I tried to build the debug build on Power ppc64le , I get the following error:
Sysimage built. Summary:
Total โโโโโโโ 372.283735 seconds
Base: โโโโโโโ 130.814623 seconds 35.1384%
Stdlibs: โโโโ 241.469020 seconds 64.8616%
JULIA /home/cloud-user/builddebug/julia/usr/lib/julia/sys-debug-o.a
Generating precompile statements... 1738 generated in 491.452075 seconds (overhead 298.335000 seconds)
signal (11): Segmentation fault
in expression starting at none:0
_ZN12_GLOBAL__N_120PPCTargetELFStreamer6finishEv at /home/cloud-user/builddebug/julia/usr/bin/../lib/libLLVM-9jl.so (unknown line)
_ZN4llvm10MCStreamer6FinishEv at /home/cloud-user/builddebug/julia/usr/bin/../lib/libLLVM-9jl.so (unknown line)
_ZN4llvm10AsmPrinter14doFinalizationERNS_6ModuleE at /home/cloud-user/builddebug/julia/usr/bin/../lib/libLLVM-9jl.so (unknown line)
_ZN12_GLOBAL__N_118PPCLinuxAsmPrinter14doFinalizationERN4llvm6ModuleE at /home/cloud-user/builddebug/julia/usr/bin/../lib/libLLVM-9jl.so (unknown line)
_ZN4llvm13FPPassManager14doFinalizationERNS_6ModuleE at /home/cloud-user/builddebug/julia/usr/bin/../lib/libLLVM-9jl.so (unknown line)
_ZN4llvm6legacy15PassManagerImpl3runERNS_6ModuleE at /home/cloud-user/builddebug/julia/usr/bin/../lib/libLLVM-9jl.so (unknown line)
_ZN4llvm6legacy11PassManager3runERNS_6ModuleE at /home/cloud-user/builddebug/julia/usr/bin/../lib/libLLVM-9jl.so (unknown line)
operator() at /home/cloud-user/juliav1.3.1_2debug/julia/src/aotcompile.cpp:508
jl_dump_native at /home/cloud-user/juliav1.3.1_2debug/julia/src/aotcompile.cpp:542
jl_write_compiler_output at /home/cloud-user/juliav1.3.1_2debug/julia/src/precompile.c:88
jl_atexit_hook at /home/cloud-user/juliav1.3.1_2debug/julia/src/init.c:227
main at /home/cloud-user/juliav1.3.1_2debug/julia/ui/repl.c:218
.annobin_libc_start.c at /lib64/libc.so.6 (unknown line)
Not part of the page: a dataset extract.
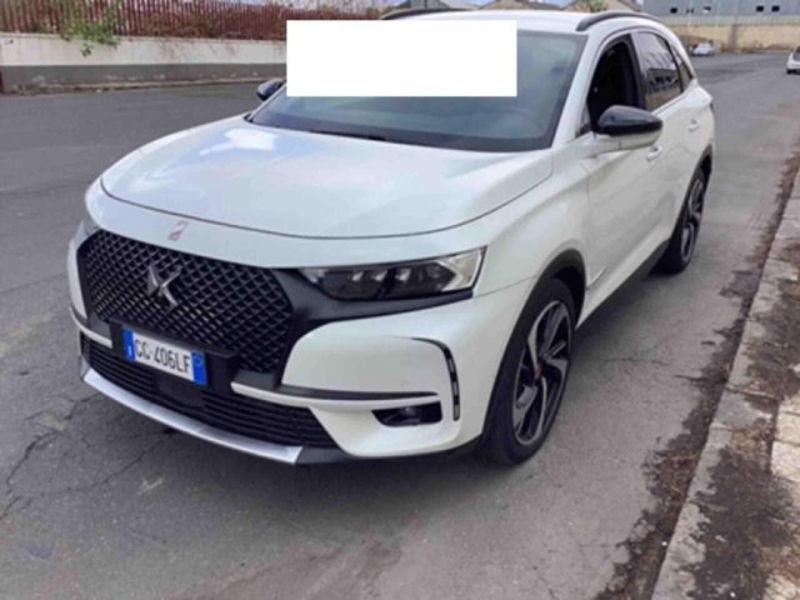 Ds DS 7 DS 7 Crossback PureTech 180 aut. Performance Line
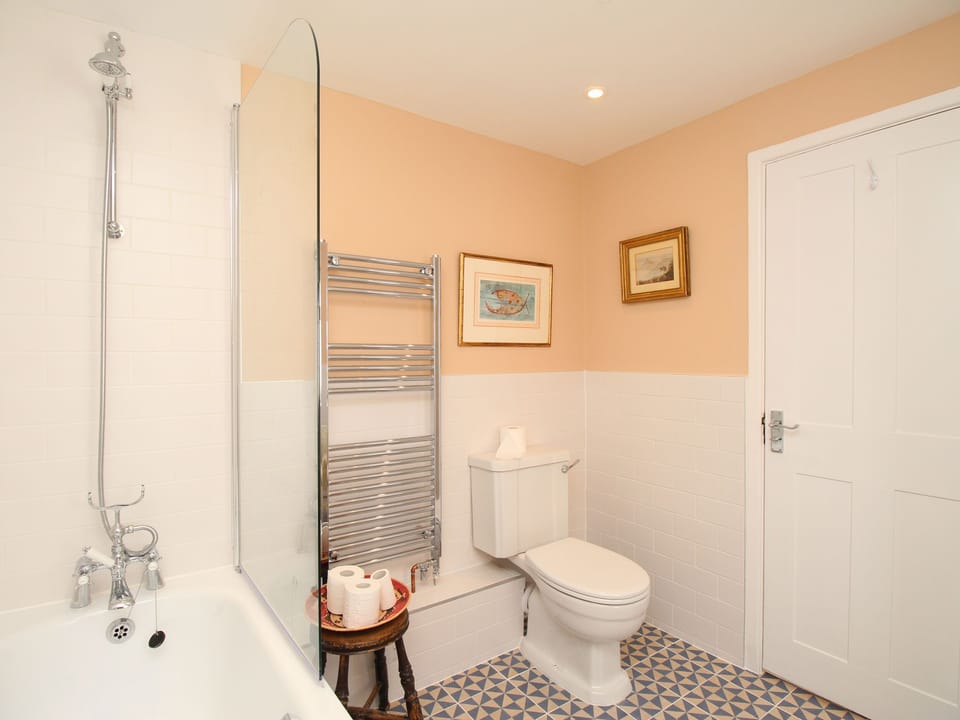 The Corner House Cottage in Weymouth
__libc_start_main at /lib64/libc.so.6 (unknown line)
Allocations: 167065988 (Pool: 167027255; Big: 38733); GC: 135
/bin/sh: line 1: 2330 Segmentation fault (core dumped) JULIA_BINDIR=/home/cloud-user/builddebug/julia/usr/bin /home/cloud-user/builddebug/julia/usr/bin/julia-debug -O0 -C "native" --output-o /home/cloud-user/builddebug/julia/usr/lib/julia/sys-debug-o.a.tmp --startup-file=no --warn-overwrite=yes --sysimage /home/cloud-user/builddebug/julia/usr/lib/julia/sys.ji /home/cloud-user/juliav1.3.1_2debug/julia/contrib/generate_precompile.jl 1
*** This error is usually fixed by running `make clean`. If the error persists, try `make cleanall`. ***
make[1]: *** [/home/cloud-user/juliav1.3.1_2debug/julia/sysimage.mk:87: /home/cloud-user/builddebug/julia/usr/lib/julia/sys-debug-o.a] Error 1
make: *** [/home/cloud-user/juliav1.3.1_2debug/julia/Makefile:87: julia-sysimg-debug] Error 2
Could anyone point on on what might be going wrong? The non-debug however does build fine.
My reply is not going to help with this particular issue, but hopefully provides the bigger picture.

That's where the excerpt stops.